Faneditor Interview: Beezo Part Deux


Beezo Part 2 interview banner image

 

The Cuddly Ninja sat down with Beezo, faneditor since 2013. Ninja’s words are in red. Continued from Part 1, found here.

 

Cuddly Ninja: I had a brief thought about editing The Force Awakens with prequel music. The first time I left the theater, I was not blown away by the score. Then I saw the film again and realized that the score wasn’t what I was expecting but I loved it. I can’t imagine doing a rescore edit because I’ve come around and the score is phenomenal. It’s a more subtle score, moving along with the action but less bombastic that previous entries. I just couldn’t appreciate John Williams’ genius the first time around, so now I wouldn’t rescore it.

I don’t think there’s much room to improve it. It’s a really good movie as is, I’m going to be happy dropping in the Blu-ray and watching the original.

For me, a good fanedit has to be a convincing reason NOT to do that.

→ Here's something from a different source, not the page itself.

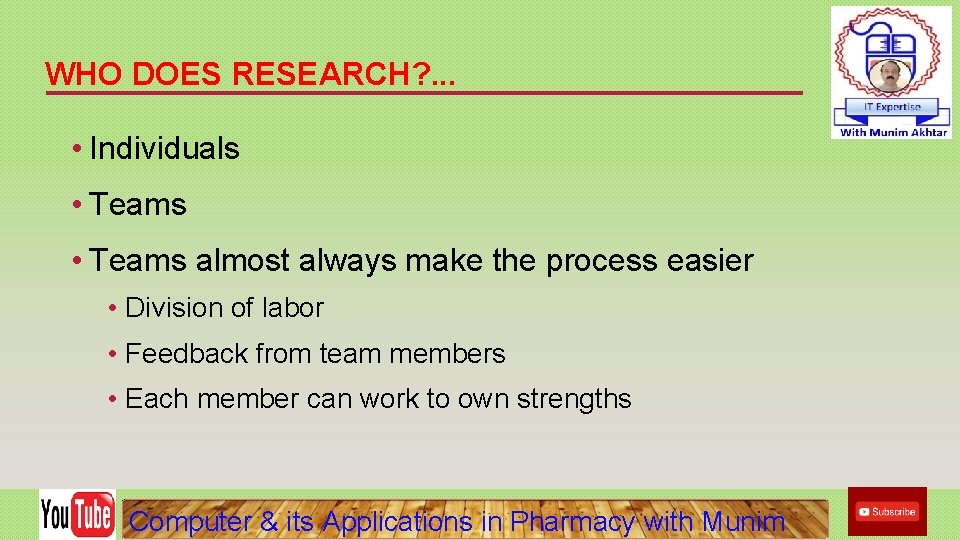 WHO DOES RESEARCH? . . . • Individuals • Teams almost always make the WHO DOES RESEARCH? . . . • Individuals • Teams almost always make the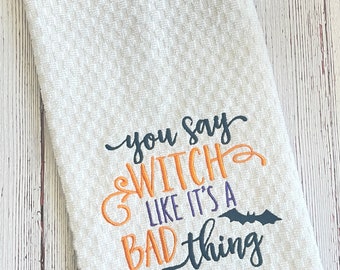 Halloween Kitchen Towel - Witch is a bad thing - Embroidered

Sometimes I think “this edit is good – but I’m not going to watch it again.” Like it’s not good enough to be worth the quality drop – especially if it’s more than 4 years old. It has to be a great edit in standard definition for me to care, it just has to be. And maybe that’s not fair because it was made with 2005 tools but it’s 2016 and it has to be great for me to watch in SD. Casino Royale: Straight Flush Edition, great example. 

When it comes to a FanFix, I want something that’s going to replace the disc. Otherwise you just leave the door open for another faneditor to improve the work that you should have done the first time around.

Let me fanedit your fanedit. [laughs] What are some of your all-time favorite edits?

I often get really impressed returning to the War of the Stars Part 2. One of the things that’s absolutely fascinating about that fanedit is that every single scene has something iconic in it, which he then changes. [TMBTM] is able to continue doing that from the first scene to the end. So everything is a surprise. And when you’re talking about Star Wars movies, for everything to be a surprise just blows my mind. To take something that’s so familiar and make it new is a very rare treat.

That’s the fun part about fanediting. When you look at different movies, are you factoring in how much people know them? For instance, when you messed with Blade Runner, people know that movie well, specific shots. So when you change things, you know that nobody watching your edit who doesn’t know the original to a certain degree. Do you always try to edit assuming they’ve never seen the original, or is there some sort of pragmatic middle ground? Earth One is another example. Another Earth, I’ve never seen that movie. So do you think about it as a movie not everyone knows? Or do you try to make it for someone who’s never seen anything.

I try to make it so that you can start at zero, as if you had no experience and then watched it. I’m not interested in making a complimentary piece, like as long as you liked the original you might like this.

You don’t want to rely on the knowledge of the original.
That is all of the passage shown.